Pedestrian Danger on Niagara Falls Boulevard is Part of a National Trend

June 14, 2018
Six pedestrians have been killed in recent years along a 1.7-mile section of the boulevard, a busy arterial street with several lanes of traffic just north of I-290. (John Hickey/News File photo)
Six pedestrians have been killed in recent years along a 1.7-mile section of the boulevard, a busy arterial street with several lanes of traffic just north of I-290.

The portion of Niagara Falls Boulevard that separates Amherst and Tonawanda north of the I-290 has a well-earned reputation as both a congested thoroughfare for motor vehicles driving on it and a deadly gambit for pedestrians trying to get across it.

According to a new national study, it also has a lot of company.

Pedestrian deaths on arterials like Niagara Falls Boulevard increased 67 percent in the United States between 2009 and 2016, according to the report from the Insurance Institute for Highway Safety.

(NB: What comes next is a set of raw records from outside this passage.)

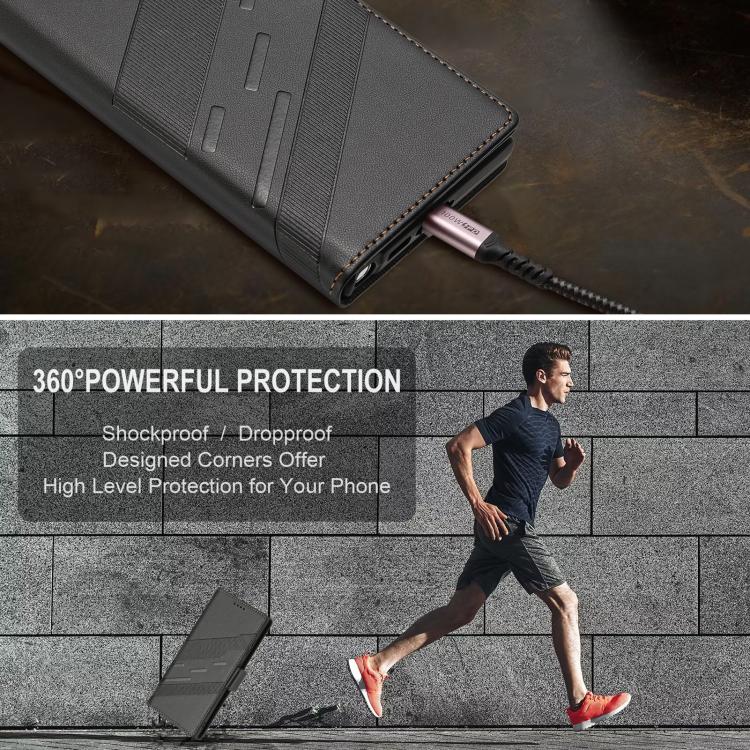 Embossed Multi-functional Side Suction Wallet Retro Leather Phone Case, Compatible with Samsung Galaxy S25 Ultra 5G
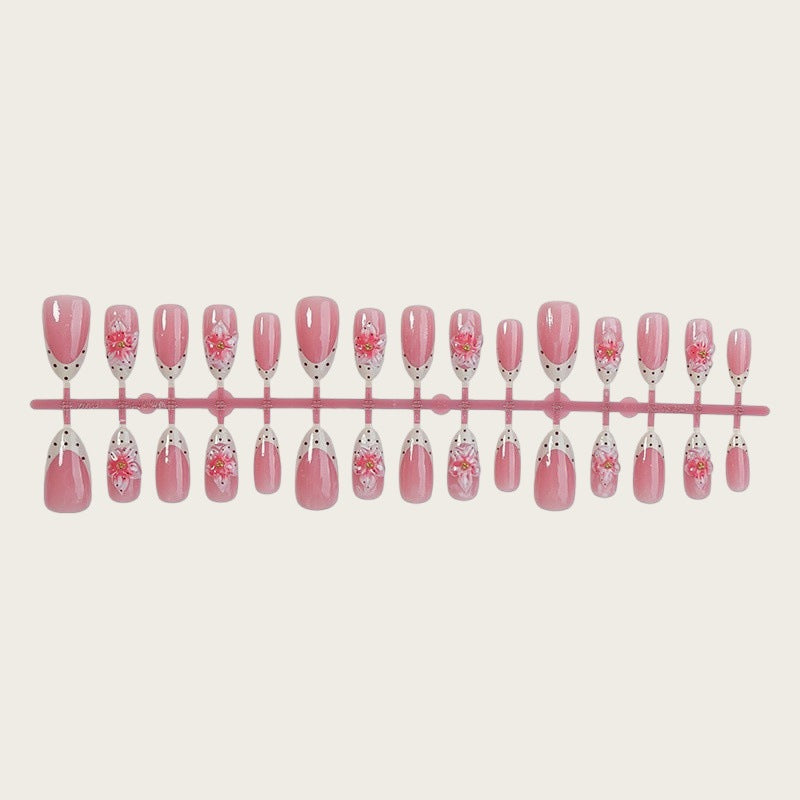 Decorative Floral Press-On Nail Set Stornfield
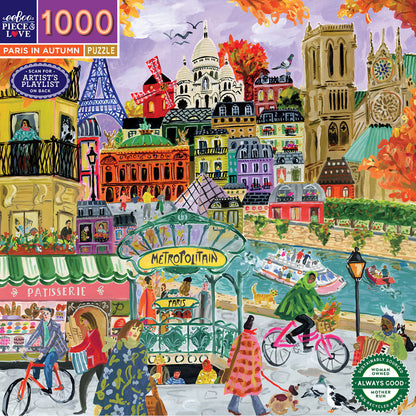 eeBoo Puslespil 1000 brk, Paris in Autumn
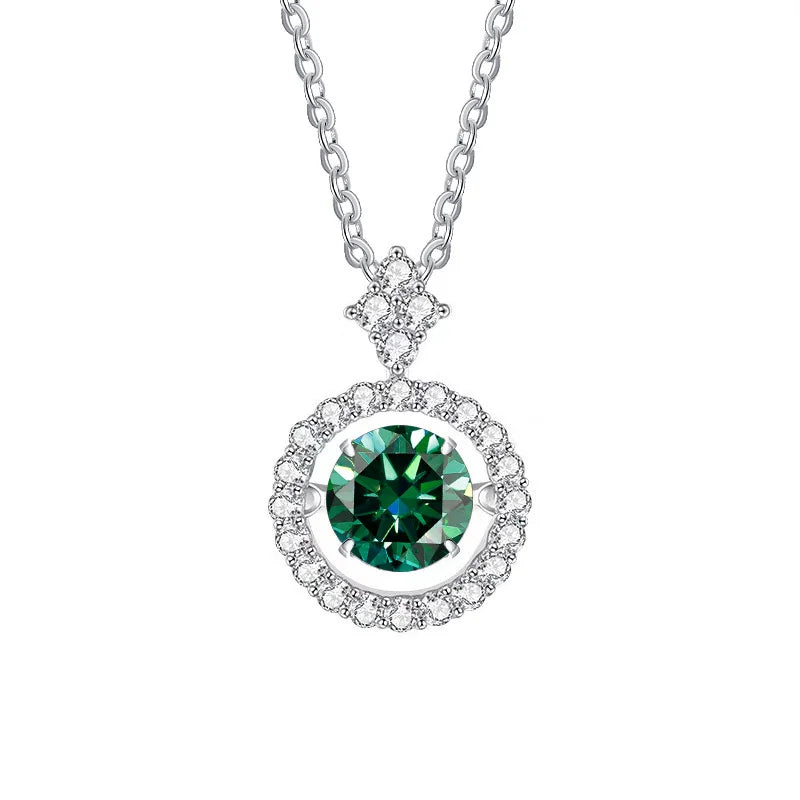 Moissanite Pendant Necklace for Women in Sterling Silver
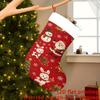 Christmas Decoration Fireplace Hanging Stocking 1pc Friendly Santa Claus (2) Pattern Christmas Gift Socks, Chr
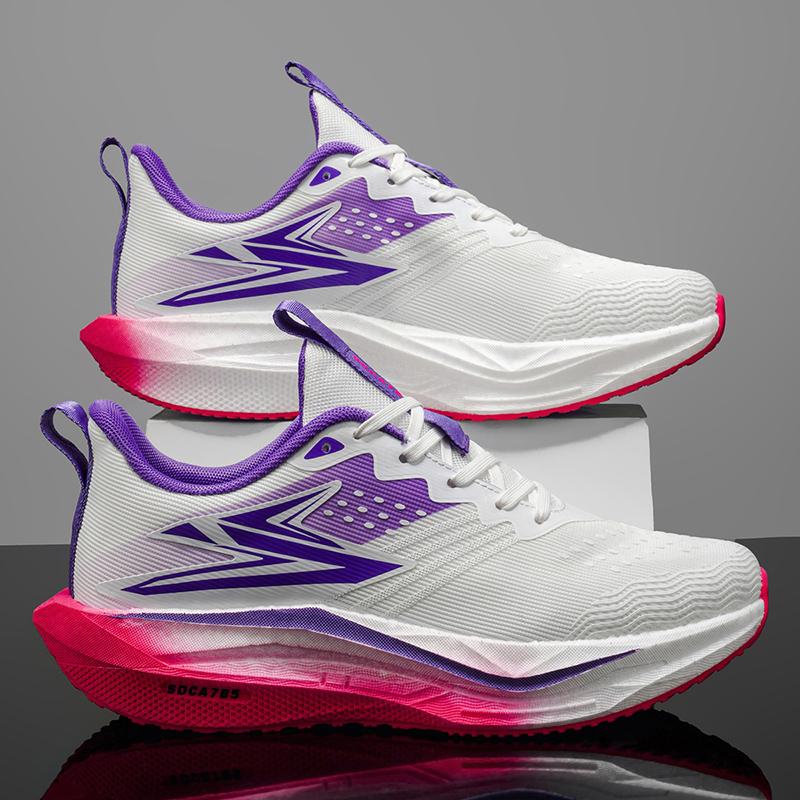 Men Sports Speciality Marathon Running Shoes Carbon Board Breathable Lightweight Women's Comfortable Athletic Nonskid Cushion Stability Sneakers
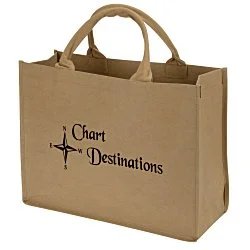 Washable Kraft Paper Fabric Tote - 12" x 16"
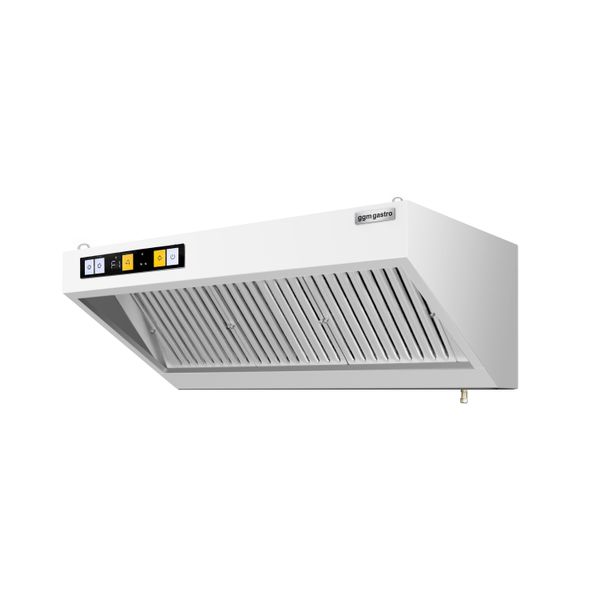 Wandhaube mit Motor - 1600mm - Regler, Filter & Lampe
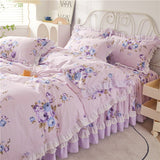 Rafaella Ruffled Cotton Duvet Cover Set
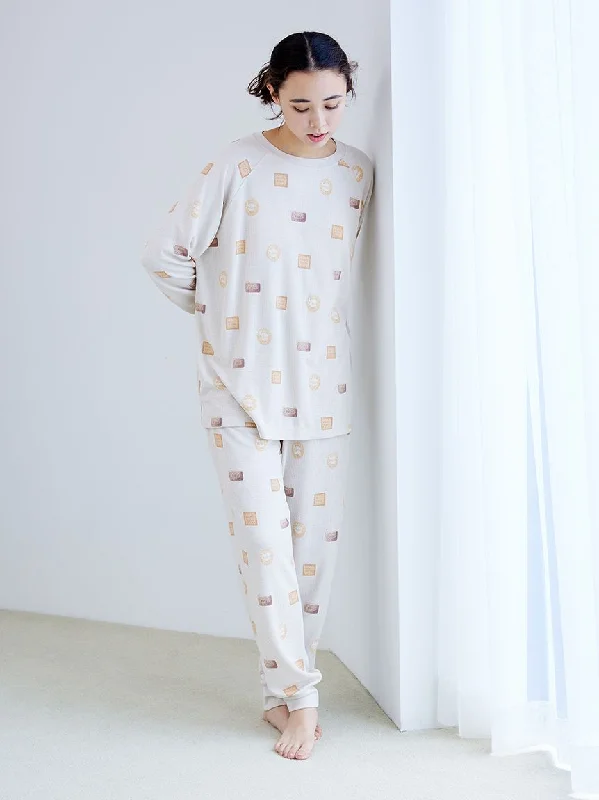 Biscuit Pattern Waffle Pajama Pants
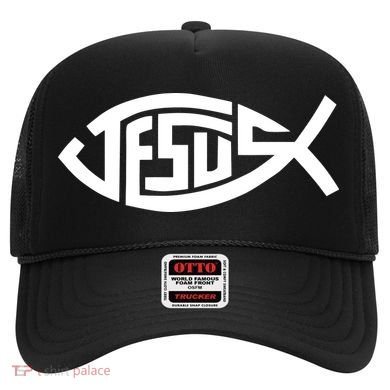 Jesus Fish Logo Hat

The report said almost the entire increase in pedestrian fatalities in the United States occurred on the 4 percent of streets that are defined as arterials, wide roads in cities and suburbs designed to carry heavy traffic traveling at or near expressway speeds.

It also contained another nugget that is applicable to the boulevard: Deaths on arterials increased 54 percent during “dark conditions.”